[<prev] [next>] [<thread-prev] [thread-next>] [day] [month] [year] [list]
Message-ID: <20251022065349.434123-2-idosch@nvidia.com>
Date: Wed, 22 Oct 2025 09:53:47 +0300
From: Ido Schimmel <idosch@...dia.com>
To: <netdev@...r.kernel.org>
CC: <davem@...emloft.net>, <kuba@...nel.org>, <pabeni@...hat.com>,
<edumazet@...gle.com>, <horms@...nel.org>, <dsahern@...nel.org>,
<petrm@...dia.com>, <willemb@...gle.com>, <daniel@...earbox.net>,
<fw@...len.de>, <ishaangandhi@...il.com>, <rbonica@...iper.net>,
<tom@...bertland.com>, Ido Schimmel <idosch@...dia.com>
Subject: [PATCH net-next 1/3] ipv4: icmp: Add RFC 5837 support
Add the ability to append the incoming IP interface information to
ICMPv4 error messages in accordance with RFC 5837 and RFC 4884. This is
required for more meaningful traceroute results in unnumbered networks.

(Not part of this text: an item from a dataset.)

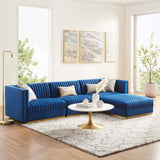 Modway Furniture Sanguine Channel Tufted Performance Velvet 4-Piece Modular Sectional Sofa XRXT Navy EEI-5826-NAV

The feature is disabled by default and controlled via a new sysctl
("net.ipv4.icmp_errors_extension_mask") which accepts a bitmask of ICMP
extensions to append to ICMP error messages. Currently, only a single
value is supported, but the interface and the implementation should be
able to support more extensions, if needed.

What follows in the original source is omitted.